13 July 2026

Hukum Taurat vs Kasih Karunia: Bertentangan atau Saling Melengkapi?

Radio Tangerang Heartline FM“Bukan karena kita berbuat baik supaya diselamatkan, tetapi kita berbuat baik karena kita sudah diselamatkan.” Kalimat ini menjadi benang merah dalam program Let Us Reason Together, persembahan Yayasan Pengembangan Apologetika Indonesia bersama Heartline FM, yang menghadirkan Pdt. Sukirno Tarjadi sebagai narasumber.

Dalam perbincangan tersebut dibahas sebuah pertanyaan yang sering muncul di kalangan orang percaya: Apakah hukum Taurat dan kasih karunia saling bertentangan, atau justru saling melengkapi?

Memahami Hukum Taurat

Ketika membaca Alkitab, kita menemukan dua bagian besar, yaitu Perjanjian Lama dan Perjanjian Baru. Secara umum, Perjanjian Lama banyak berbicara mengenai sejarah bangsa Israel serta hukum Taurat, sedangkan Perjanjian Baru berpusat pada Yesus Kristus dan karya keselamatan-Nya.

Kata Taurat sendiri berarti ajaran, petunjuk, atau bimbingan dari Allah. Dalam pengertian yang lebih sempit, Taurat merujuk pada lima kitab Musa: Kejadian, Keluaran, Imamat, Bilangan, dan Ulangan.

Inti dari hukum Taurat dapat ditemukan dalam Imamat 18:4-5:

“Orang yang melakukannya akan hidup karenanya.”
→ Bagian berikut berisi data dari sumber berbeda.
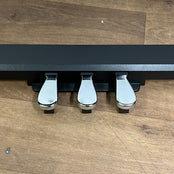 Casio PX770 Black Digital Piano; Serial No: 940ADC521131598BEE | Second Hand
Dengan kata lain, Taurat menekankan ketaatan terhadap perintah Allah. Namun, ketika hukum dipahami hanya sebagai sekumpulan aturan yang harus ditaati secara harfiah, muncullah apa yang disebut legalisme.

Legalisme membuat seseorang lebih sibuk mengejar kepatuhan terhadap aturan daripada memahami tujuan Allah di balik hukum tersebut. Dalam sejarah Yahudi, misalnya, muncul berbagai aturan tambahan mengenai hari Sabat yang sangat rinci hingga akhirnya mengaburkan makna utama dari hari perhentian itu sendiri.

Apa Itu Kasih Karunia?

Berbeda dengan Taurat, kasih karunia adalah pemberian Allah yang tidak dapat diperoleh melalui usaha manusia.

Efesus 2:8-9 menegaskan:

“Sebab karena kasih karunia kamu diselamatkan oleh iman; itu bukan hasil usahamu, tetapi pemberian Allah.”

Keselamatan bukanlah upah atas kebaikan manusia, melainkan anugerah yang diberikan Allah melalui iman kepada Yesus Kristus.

Pdt. Sukirno mengilustrasikan kasih karunia melalui sebuah kisah tentang seorang pria kaya di Portugal yang mewariskan hartanya kepada 70 orang asing yang dipilih secara acak dari buku telepon. Mereka tidak memiliki hubungan keluarga, tidak berjasa, bahkan tidak mengenal sang pemberi warisan. Itulah gambaran kasih karunia: menerima sesuatu yang sebenarnya tidak layak kita terima.

Dua Pandangan yang Perlu Diwaspadai

Dalam sejarah gereja, muncul dua kecenderungan ekstrem dalam memahami Taurat dan kasih karunia.

1. Legalisme: Taurat Diutamakan, Kasih Karunia Dikesampingkan

Pandangan ini menempatkan ketaatan terhadap hukum sebagai syarat utama agar seseorang diterima Allah.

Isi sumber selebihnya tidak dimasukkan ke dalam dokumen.